I grew up in a house that celebrated St. Patrick’s Day with Irish music and a grand corn beef and cabbage dinner. Mom made soda bread and sent us girls off to school with a green bow in our hair and my brothers went off with a green ribbon pinned to their school uniform shirt. I know for a fact my green bow stayed on my head for the whole day, although I suspect it had a jauntier look as the day went on. My brothers, well, I’m not so sure how long those green ribbons lasted on their shirts. As my brothers grew older, there’s a strong possibility those green ribbons didn’t make it around the corner from the building where we lived.
Mom’s grandmother, who emigrated from Ireland during the potato famine, lived in the household where my mom grew up. I’ve only seen pictures of the thin austere woman but understand she could be a challenge.

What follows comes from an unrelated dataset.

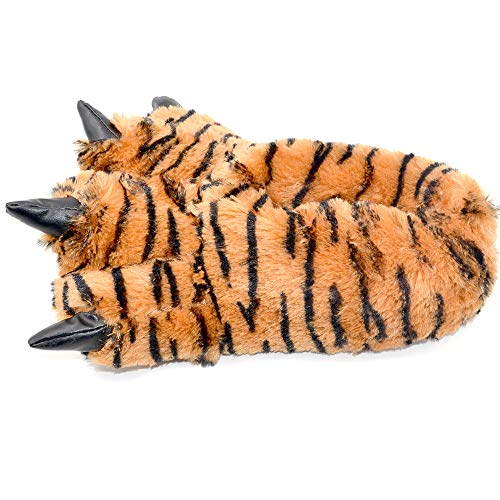 Millffy Zapatillas Divertidas Oso Grizzly Peluche Animal Peludo Garra Paw Zapatillas Niños, Niños y Adultos Disfraz Calzado (X-Large - (Talla de hombre), Tigre de Bengala)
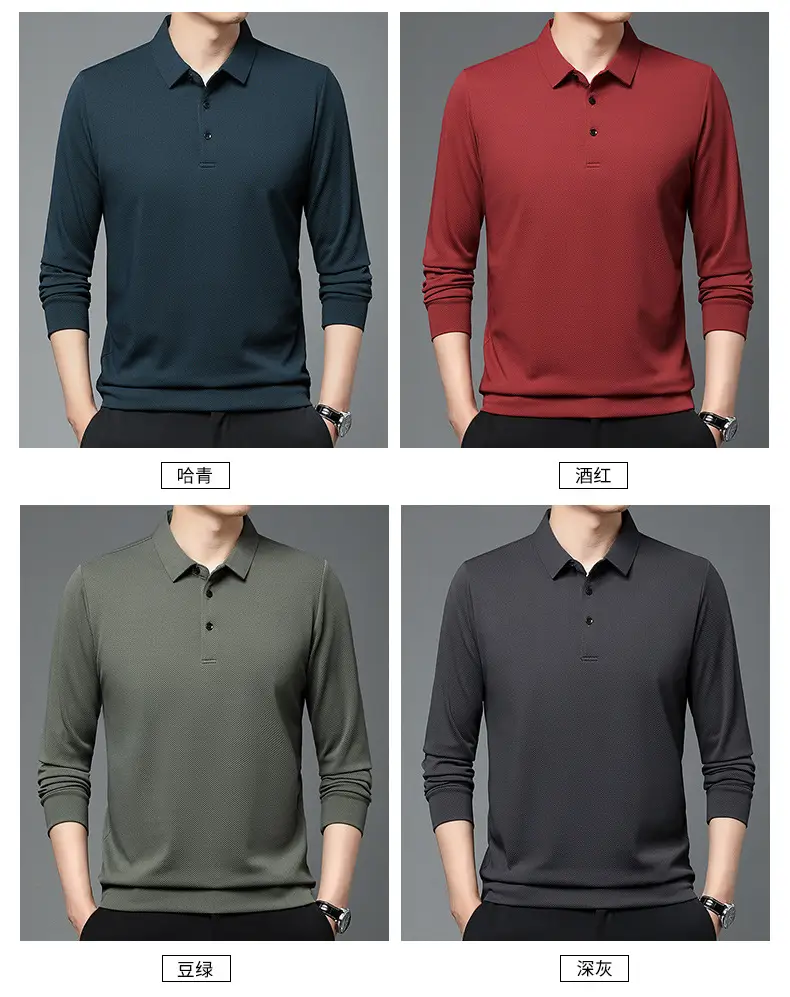 Men Olive Green Long Sleeve Polo T-Shirt 2024 — feature 10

I suspect being a child in the same house with someone who witnessed the mass deaths and suffering caused by the Irish potato famine had an effect on mom because as proud as she was of her Irish heritage, she never felt the need to “see” Ireland. She would, in fact, temper her children’s tendency to romanticize Ireland by saying she didn’t understand people’s fantasies about Ireland, after all, millions of the Irish left that country and came to the US to live a better life.
Dad’s childhood was different. His mom died in the Spanish Flu epidemic in 1918 when he was 3 and he spent the next 5 years living in a children’s home. When his dad remarried and took dad and his sisters out of the home dad was already 8 years old. At 13 he left school and went to work to help support his four half-brothers, a new one arriving each year. Although dad’s ancestry was just as Irish as mom’s, I don’t think he celebrated it until he met mom.
So I am a third generation Irishwoman wandering around the land of my ancestors via the internet. As beautiful as the Irish landscape is, I can also see how difficult it would be to make a living from that harsh rocky soil.
Every now and then I get the urge to make a drastic move to another part of the world or another part of the country. As a young woman I made a few semi-drastic moves with mixed results which have left me a bit leery of following my impulses. Ten years ago I considered packing up and moving to Ireland. After all, it is the home of my ancestors, Irish blood runs through my veins and when I traveled in England and Scotland most people thought I was Irish until they heard my “American accent.” I could picture myself writing in front of a warm fire blazing in a stone fireplace in the living room of a thatched roofed cottage across the dirt road from sprawling green fields (you can see how I get myself in trouble).
Ten years ago the computer industry in Ireland was booming. Young people were no longer leaving Ireland to build a life somewhere else; prosperity no longer depended on the soil and the seasons. They were attending college elsewhere and returning to live in Ireland. My son was just out of high school and warmed to the idea of moving to Ireland but somehow life continued on and we never built up the momentum to make the move.
I suspect most of us have a wish to see the homeland of our ancestors (my mom excluded, of course) and visit the towns where they were born. I came close a few decades ago when I was in northern England and could have taken the ferry to Northern Ireland, but it was the days of the Irish Republican Army, when bombings and gunfire occurred randomly in Northern Ireland and since I was traveling alone I decided traveling solo through Northern Ireland probably wasn’t one of my better ideas.
One day I hope to visit Ireland. In the meantime, I will continue our family traditions of celebrating on St. Patrick’s Day and being a proud Irish-American.